Gail Collins, on the lame-duck session, finds her cup half full this morning:

Good work, White House! Thank heavens we got rid of our former president, Barack Obama, who couldn’t even get the trade agreement he went all the way to South Korea to sign. Our current president, Barack Obama, would never let that happen, and, in fact, came up with a really excellent trade agreement with the South Koreans just the other day.

“Administration officials have bent over backwards to try to solve every problem that’s come up,” said Senator Bob Corker of Tennessee, one of the Republicans who reached across the aisle ...

...let’s admit it. Nothing would have gotten done if Obama hadn’t swallowed that loathsome compromise on tax cuts for the wealthy.

If he’d taken the high road, Congress would be in a holiday war. The long-term unemployed would be staggering into the new year without benefits. The rest of the world would look upon the United States as a country so dysfunctional that it can’t even ratify a treaty to help keep nuclear weapons out of the hands of terrorists. The people who worked at ground zero would still be uncertain about their future, and our gay and lesbian soldiers would still be living in fear.

It’s depressing to think that there was no way to win that would not have involved giving away billions of dollars to people who don’t need it. But it’s kind of cheery to think we have a president who actually does know what he’s doing.

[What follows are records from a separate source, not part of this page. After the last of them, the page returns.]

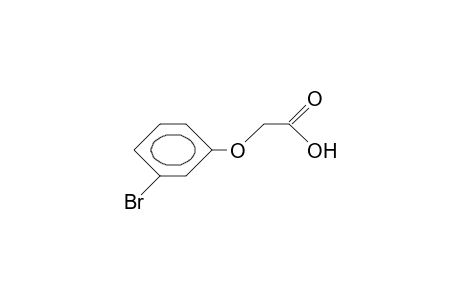 3-Bromo-phenoxy-acetic acid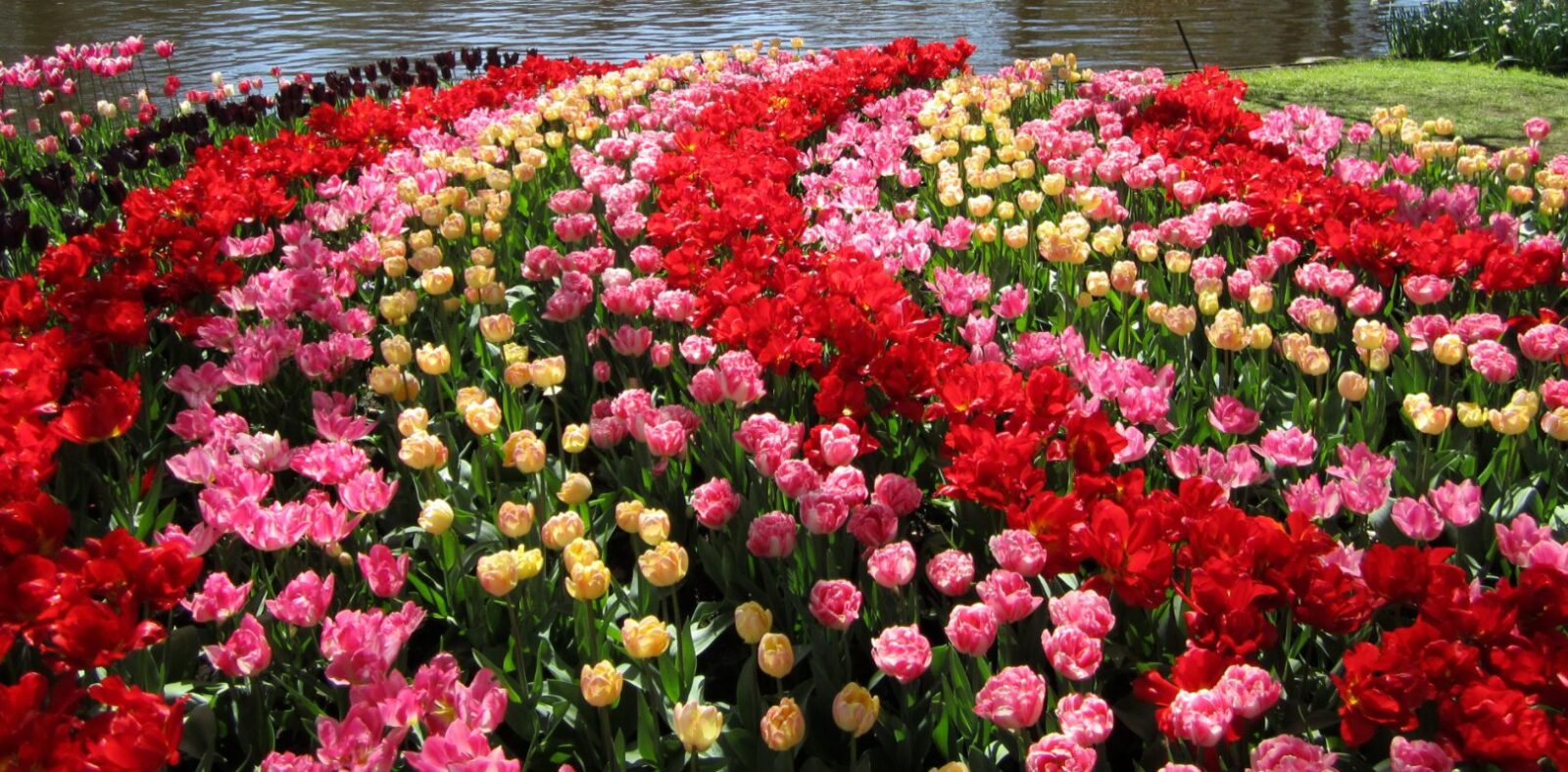 Живописный голландский сад на Вашем участке 5 голландский сад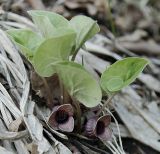 Asarum sieboldii. Цветущее растение. Владивосток, Академгородок. 23 апреля 20009 г.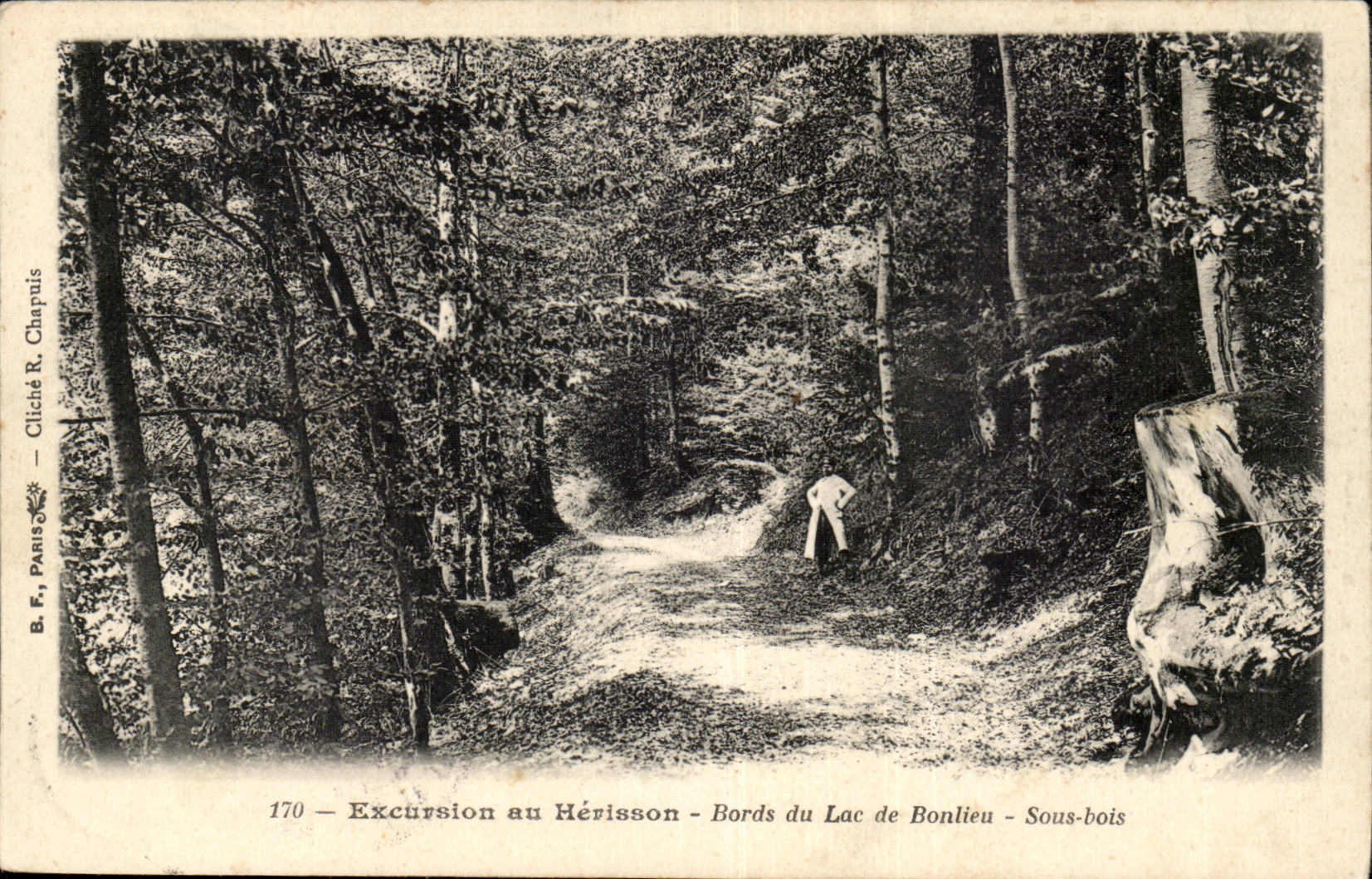 Excursion au Hérisson — Bords du Lac de Bonlieu — Sous-bois — B. F., Paris, n° 170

http://www.nytimes.com/2010/12/23/opinion/23collins.html?hp

---I'm not sure I'd concede that accepting the tax cut is the 'high road'. I'd feel marginally better about it had he been more forthright and persistent in opposing it, had it come in isolation rather than as part of a pattern of one-sided 'compromise' characteristic of the Obama administration, and had he not gone out of his way to disparage the doubts of those 'supercilious, overly pure' members of the base who elected him. But I've struggled, throughout the campaign and since inauguration, with being unhappy with Obama's acceptance of the limitations of the politically possible, while recognising that he's accomplished some things--again, not enough--that move the goal posts just a bit, and had eluded his predecessors. And I'll doubtless continue to do so...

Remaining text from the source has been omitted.